The application filters out by itself the models that don’t have these minimal capabilities. If a model doesn’t appear in the selector, it’s usually because it isn’t connected, isn’t exposed by your provider, or can’t read the required documents.
Connecting a provider
- Open the provider connection screen, from the settings or the dedicated command.
- Choose a provider from the list.
- Follow the proposed authentication method — API key, OAuth or code depending on the case.
- Once the provider is connected, open the model selector.
- Select the model the agent should use.
The recommended provider appears in a separate group; the others remain available if you prefer your own key, an existing subscription or a multi-model router.
Adding a custom provider
If your provider isn’t listed, go through the custom provider option.

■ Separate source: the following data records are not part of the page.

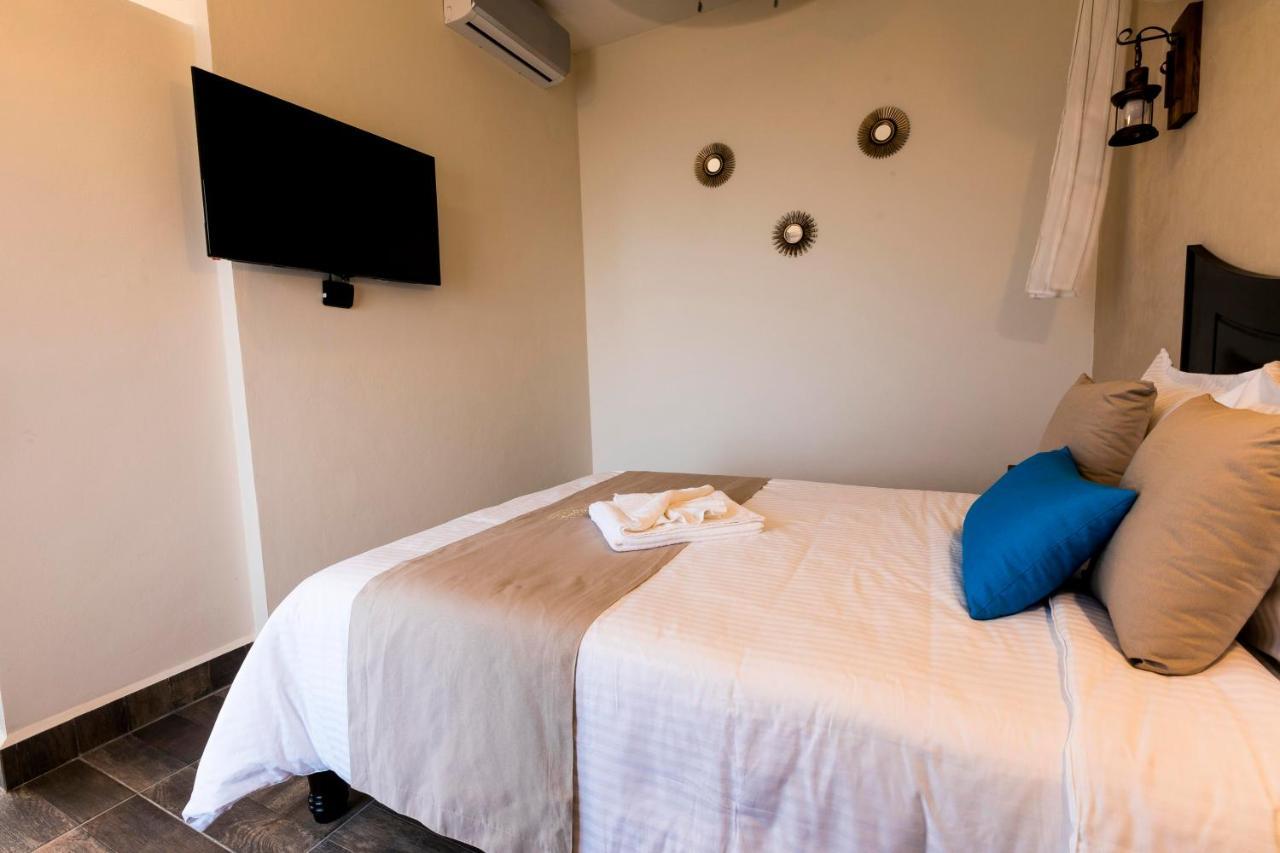 Hotel Los Frailes, Valladolid, Yucatan Valladolid  Ngoại thất bức ảnh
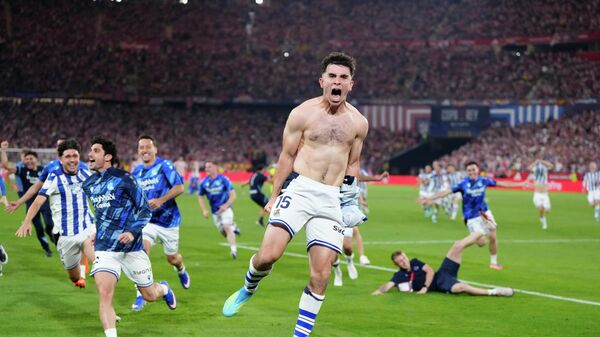 Real Sosijead - Sputnik Srbija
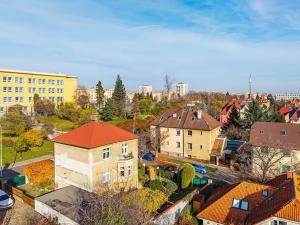 Prodej rodinného domu, Praha - Strašnice, Břežanská, 215 m2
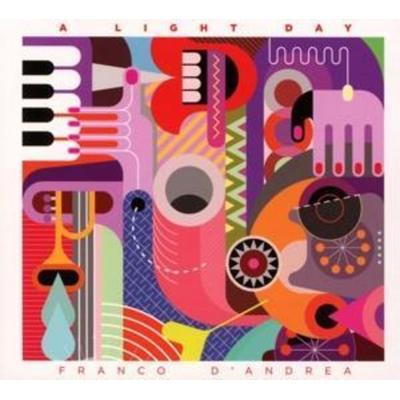 A Light Day - Franco DAndrea, CD
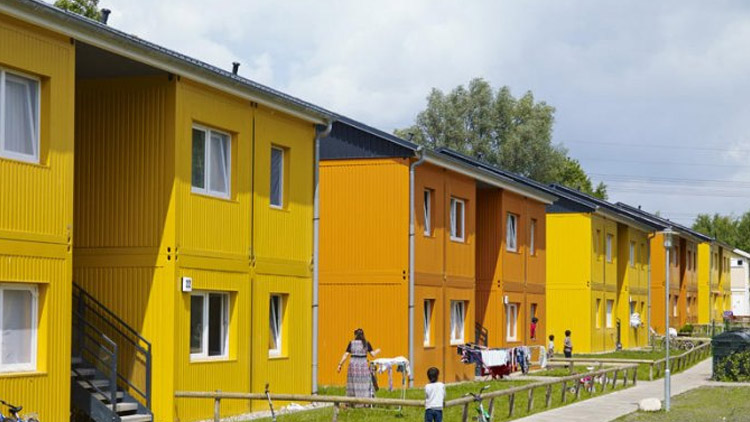 Město podporuje koncepci podporovaného bydlení          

It is mainly useful for OpenAI-compatible services, internal routers or local servers — and assumes that you know the exact capabilities of the declared model, since Simon won’t be able to guess them for you.

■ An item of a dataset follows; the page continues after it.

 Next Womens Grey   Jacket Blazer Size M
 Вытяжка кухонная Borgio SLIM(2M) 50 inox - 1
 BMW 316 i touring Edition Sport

You will need to provide a provider identifier, a displayed name, a compatible API URL, an API key if the service requires one, and at least one available model.
Choosing your model well
For Simon, price is not the only criterion — nor even the most important. The model must know how to follow a multi-step plan, call the tools with precise arguments, read an invoice or a statement in PDF, explain a block instead of working around it, and hold the accounting context of an entire session.

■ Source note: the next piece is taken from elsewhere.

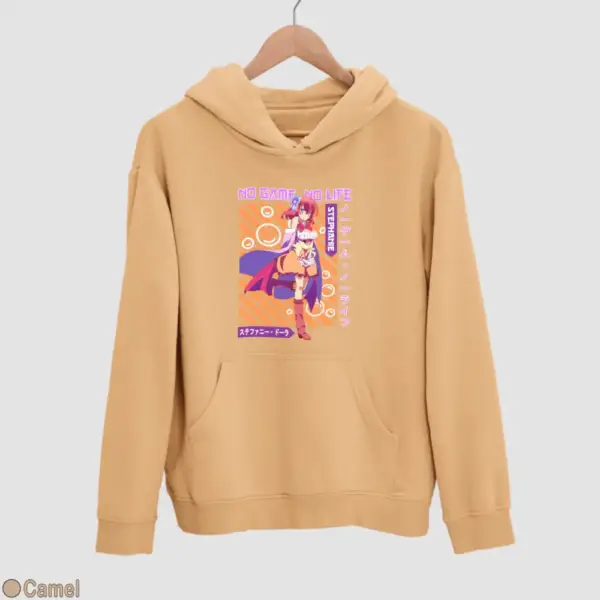 Stephanie Dola Men's Hoodie - Image 6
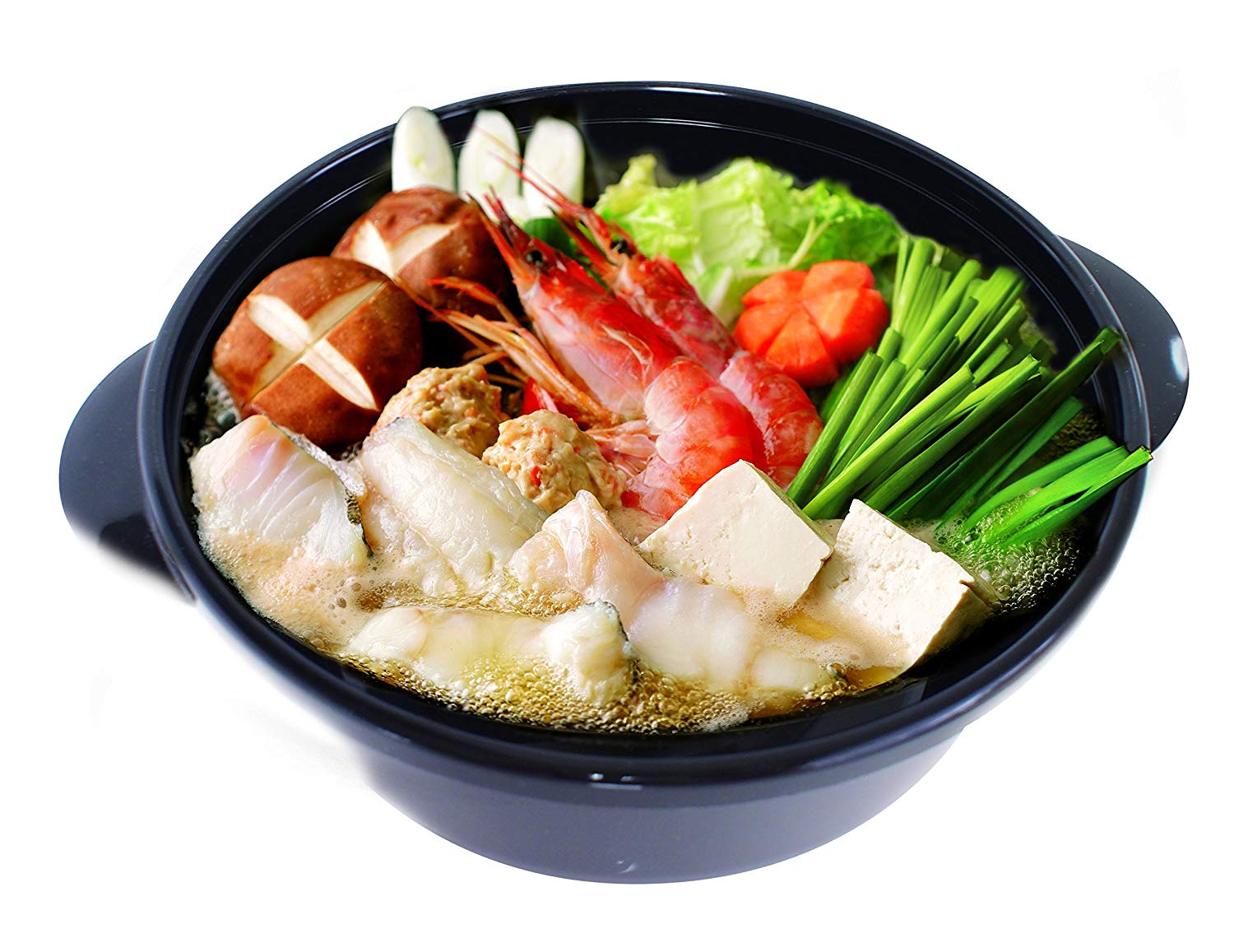 日本製一人鍋微波烹飪簡單方便微波爐鍋物 好貨碼頭 Rakuten樂天市場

A small local model is enough to discover the interface, but it more easily produces reasoning errors or drives the tools poorly. For real accounting, favor a model that is solid on long, structured tasks.
Cost and privacy
Each exchange with the agent consumes tokens at your provider, and the bill varies a lot depending on the model, the volume of documents and the size of the context. A short question costs little; processing a batch or a year-end closing consumes noticeably more; attachments weigh heavily. Also bear in mind that a cheap model can end up costing more in the end if it multiplies the corrections.
On the privacy side, the principle remains that of the application: your accounting data stays stored locally. When the agent calls on an external provider, only the context needed for the request is transmitted to it. So check the data retention and usage conditions of the provider you choose.